Nous avons tous vu ce belvédère, mais peut-être que peu d’entre nous se sont arrêtés pour regarder la plaque commémorative installée devant, qui révèle que la structure où les groupes de salsa dansent aujourd’hui s’ appelle « Glorieta de la Transexual Sonia » et qu’elle a une histoire de violence et de discrimination qui mérite d’être rappelée.
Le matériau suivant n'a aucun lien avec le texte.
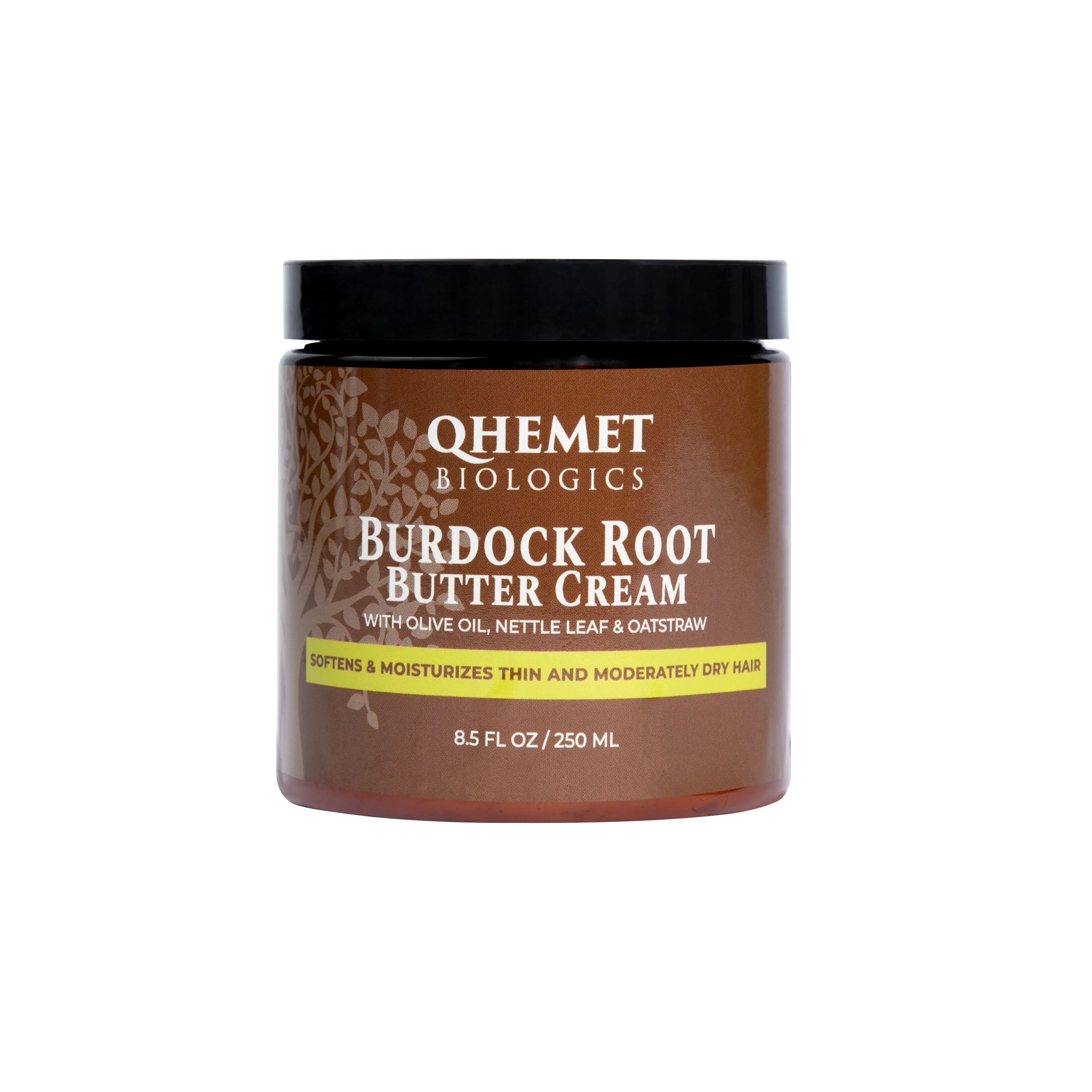 Jar of Qhemet Biologics Burdock Root Butter Cream on a white background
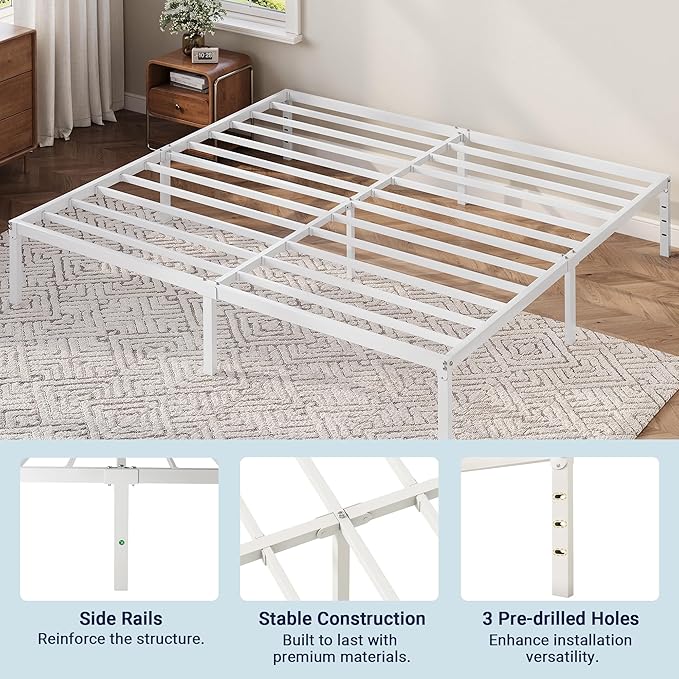 Allewie King Size Bed Frame, 12 Inch Metal Platform Beds with Storage Space, No Box Spring Required and Easy Assembly, White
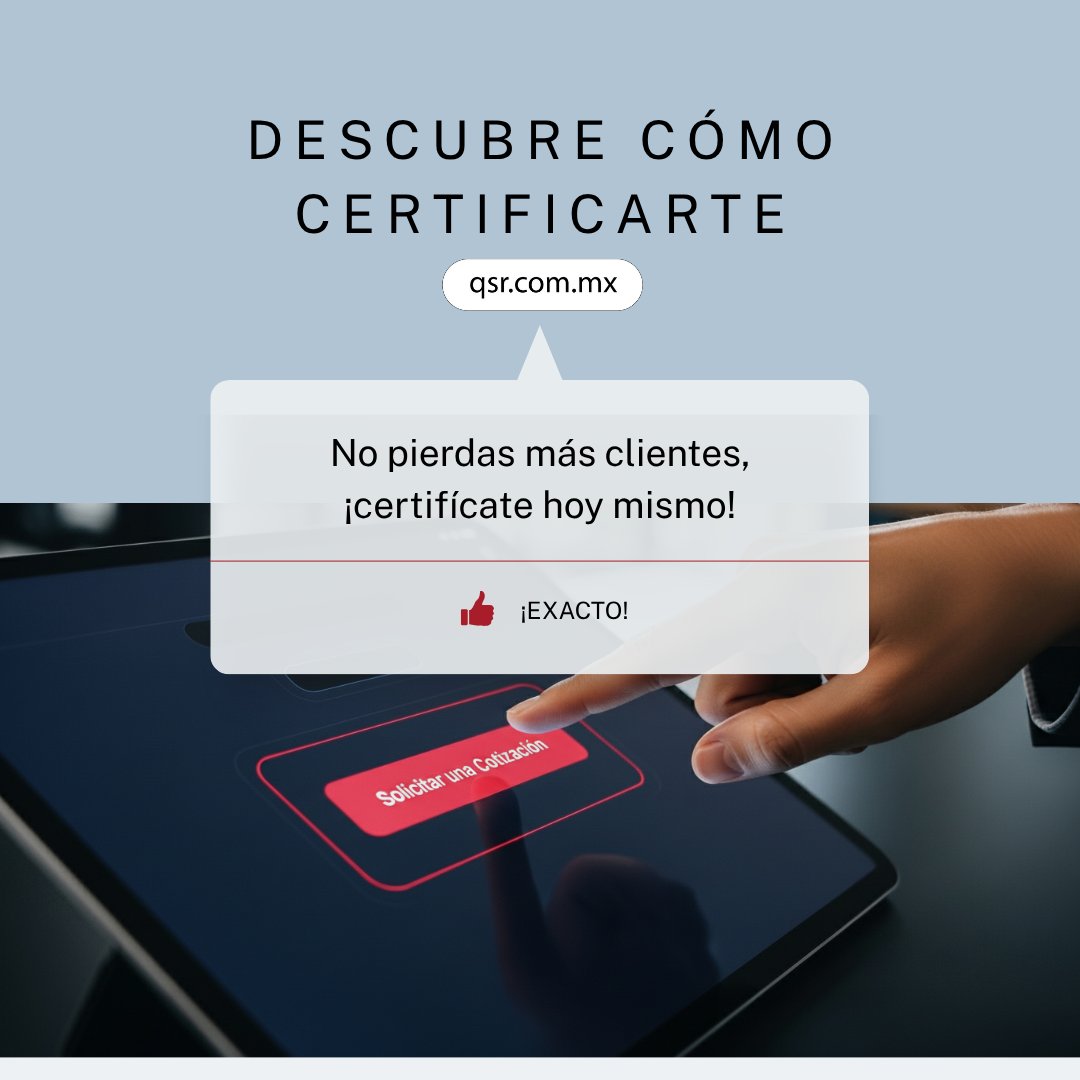 qsrmexico's tweet photo. 🚨 No te arriesgues a perder clientes.
¿Quieres saber cómo esta norma puede darle confianza y crecimiento a tu empresa? Te lo contamos aquí 👇
👉 Lee el artículo completo en nuestro blog
https://t.co/XSGuEGZdZL
Certifícate y conviértete en la opción preferida. https://t.co/JEFcPRGvNB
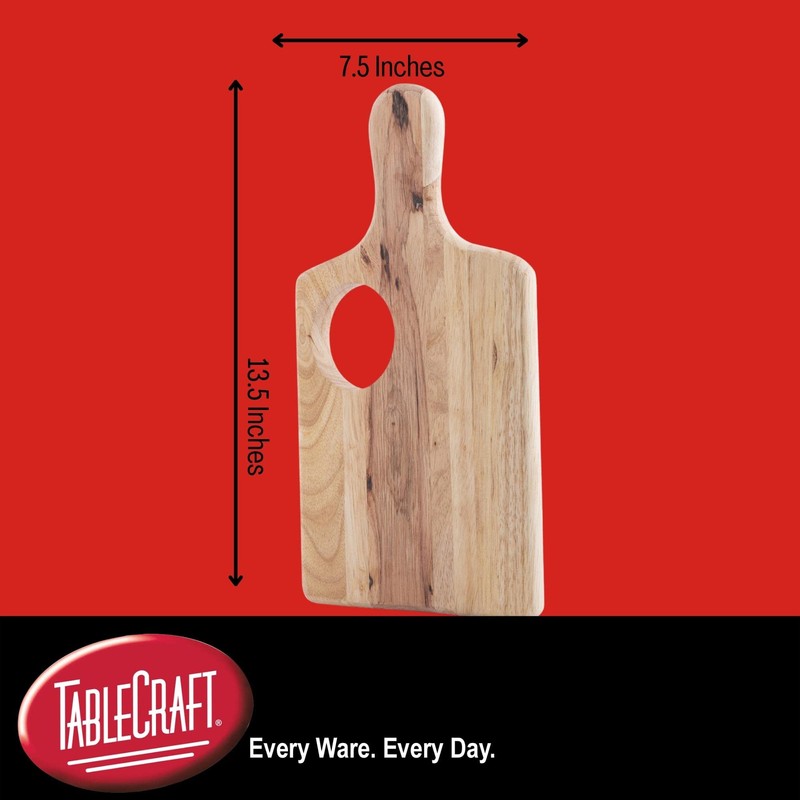 Tablecraft 79A Wood Bread Board with Ramekin Insert, 13-Inch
L’histoire du meurtre de Sonia Rescalvo
Le 6 octobre 1991, Sonia Rescalvo dormait avec sa compagne Dori à la Glorieta de la Música, dans le parc de la Ciutadella. Ce belvédère, appelé ainsi parce qu’il abritait à l’origine l’orchestre de musique municipal, servait au début des années 1990 d’abri occasionnel pour les sans-abri et de lieu de rencontre régulier pour les homosexuels et les transsexuels.
Sonia était arrivée à Barcelone quelques années auparavant, sans que l’on sache exactement quand, en provenance d’un village de Cuenca. Comme l’explique très bien ce rapport d’eldiario.es, la vie de Sonia est un peu un mystère, dont il n’est guère question dans un magazine érotique, Lib, où elle est interviewée avec d’autres transsexuels (dont Bibiaba Andersen) en 1978.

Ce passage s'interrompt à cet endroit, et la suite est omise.